Kenapa nggak ada istilah “wanita buaya darat”? Yah, manusia yang punya istilah
pasti sulit untuk menjawab, apalagi para buaya yang diistilahkan.
Faktanya buaya tuh sama sekali tidak seperti “buaya darat”
yang doyan mengoleksi betina-betina. Menurut hasil penelitian, buaya ialah tipe
binatang monogami, yang hanya kawin (Inget! Buaya nggak ada yang jadi penghulu
jadi mereka nggak nikah) dengan satu betina hingga salah satu dari mereka
meninggal. Selanjutnya, mereka pun, jantan atau betina, tetap menjaga
kesetiaannya dengan tidak kawin dengan buaya lain. Sifat buaya yang hidup
menyendiri juga mendukung sifat setianya itu. Mereka tidak suka hidup
berkelompok. Buaya jantan selalu melakukan yang terbaik bagi betinanya. Mereka
membuat sarang, berupa lubang besar, di sisi sungai sebagai tempat bermukim
bersama sang betina. Buaya jantan juga menjadi pengintai yang ganas demi menjaga
telur-telur mereka. Tuh kan, kurang setia apa mereka?

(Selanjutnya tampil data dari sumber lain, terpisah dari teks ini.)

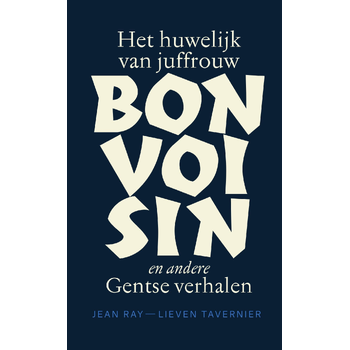 Het huwelijk van juffrouw Bonvoisin en andere Gentse verhalen van Jean Ray, (Hardback) bij Singel 344
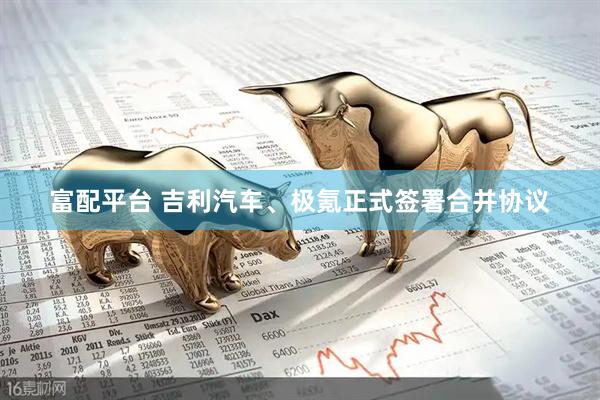 富配平台 吉利汽车、极氪正式签署合并协议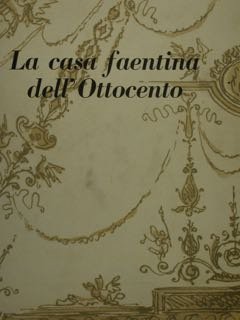 LA CASA FAENTINA DELL'OTTOCENTO. PARTE PRIMA: ARCHITETTURA E DECORAZIONI. PARTE … | Immagine principale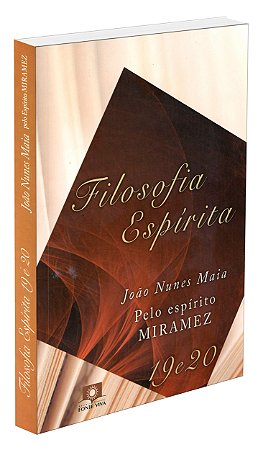Filosofia Espírita - Vols. 19 e 20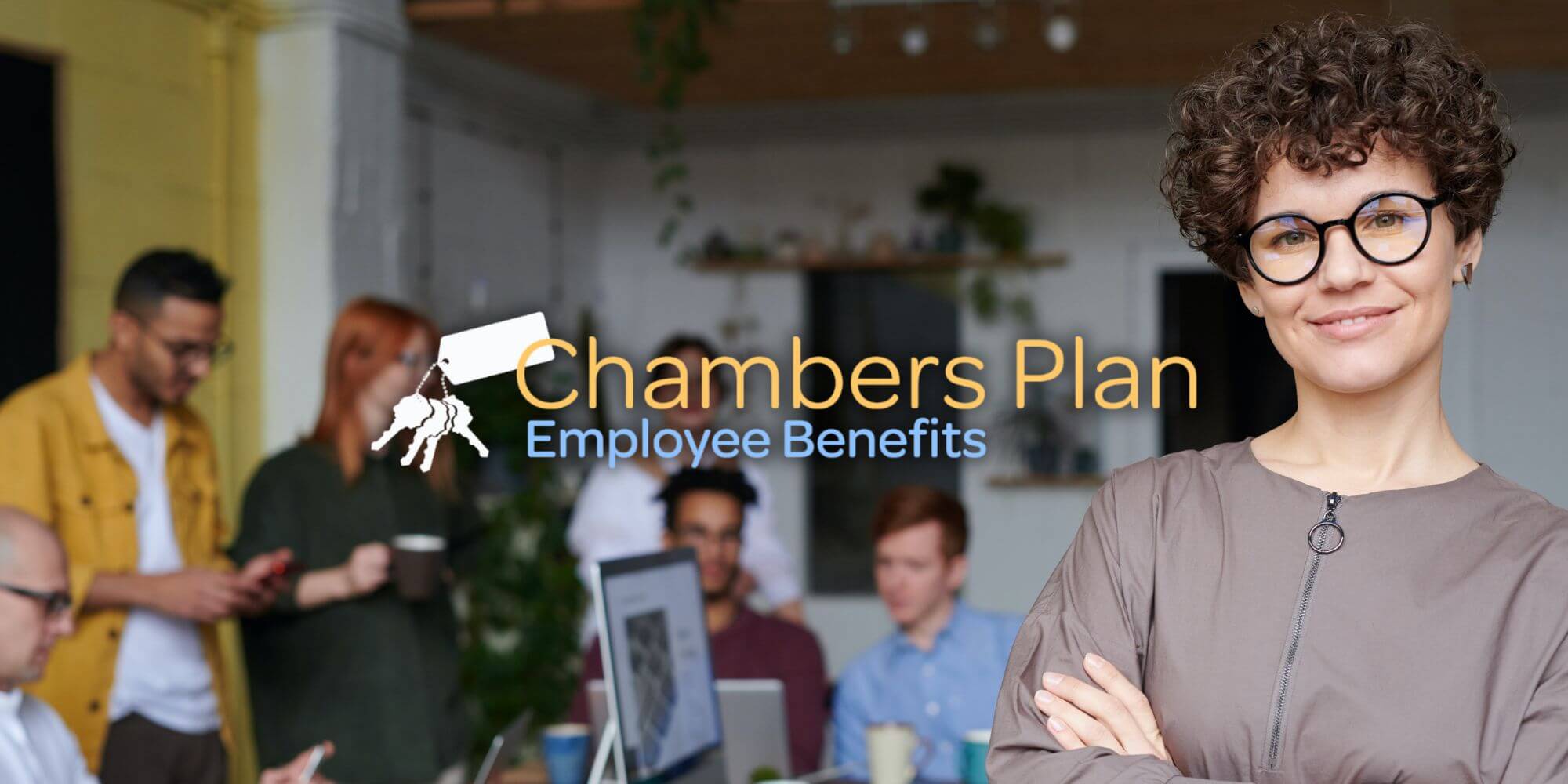 Chambers Plan - Employee Benefits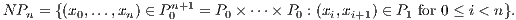 N P =  {(x ,...,x  ) ∈ Pn+1 = P × ⋅⋅⋅× P : (x ,x ) ∈ P for 0 ≤ i < n}.
   n     0     n     0      0        0   i  i+1    1
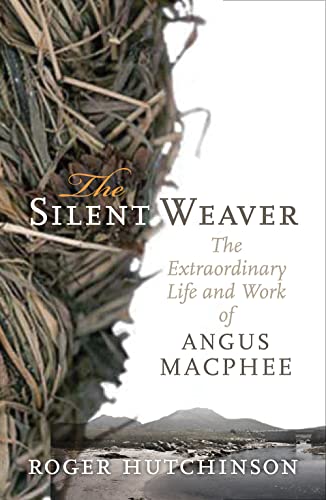 Beispielbild fr The Silent Weaver: The Extraordinary Life and Work of Angus MacPhee zum Verkauf von BooksRun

Dalam mitos Betawi, buaya putih merupakan salah satu
binatang suci yang hidup di sungai. Saking sucinya, masyarakat Betawi dahulu
sangat menjaga kelestarian sungai / kali demi buaya putih itu. Mitos buaya
putih itu konon yang menjadi asal muasal hadirnya roti buaya dalam tradisi
pernikahan Betawi. Roti buaya
melambangkan kesetiaan, seperti halnya buaya yang hanya memiliki satu pasangan
seumur hidupnya. Dua roti buaya dipersiapkan; jantan, dengan ukuran lebih
besar, dan betina. Dengan kehadiran roti buaya, diharapkan kedua mempelai bisa
terus hidup bersama sehidup semati, layaknya sepasang buaya. Melalui simbol
buaya terhantur doa mulia.
Frasa “buaya darat”, mungkin hadir dari cara hidup buaya
yang berpindah-pindah dari air ke daratan, dan sebaliknya. Ketidaksetiaan pada
ekosistemnya inilah yang membuat orang merasa buaya merupakan binatang yang
cocok untuk mendeskripsikan sifat lelaki yang hatinya tidak betah nyantol hanya di satu hati. Dengan
menghiraukan cara hidupnya yang nomaden, seharusnya jangan jadikan lagi buaya
sebagai sosok yang disalahkan atas ketidaksetiaan manusia. Gue sebagai manusia
pun ngilu dengarnya. Seandainya mereka tahu telah diperlakukan secara tidak
pantas oleh manusia Indonesia, mungkin mereka udah protes sana-sini, hehe.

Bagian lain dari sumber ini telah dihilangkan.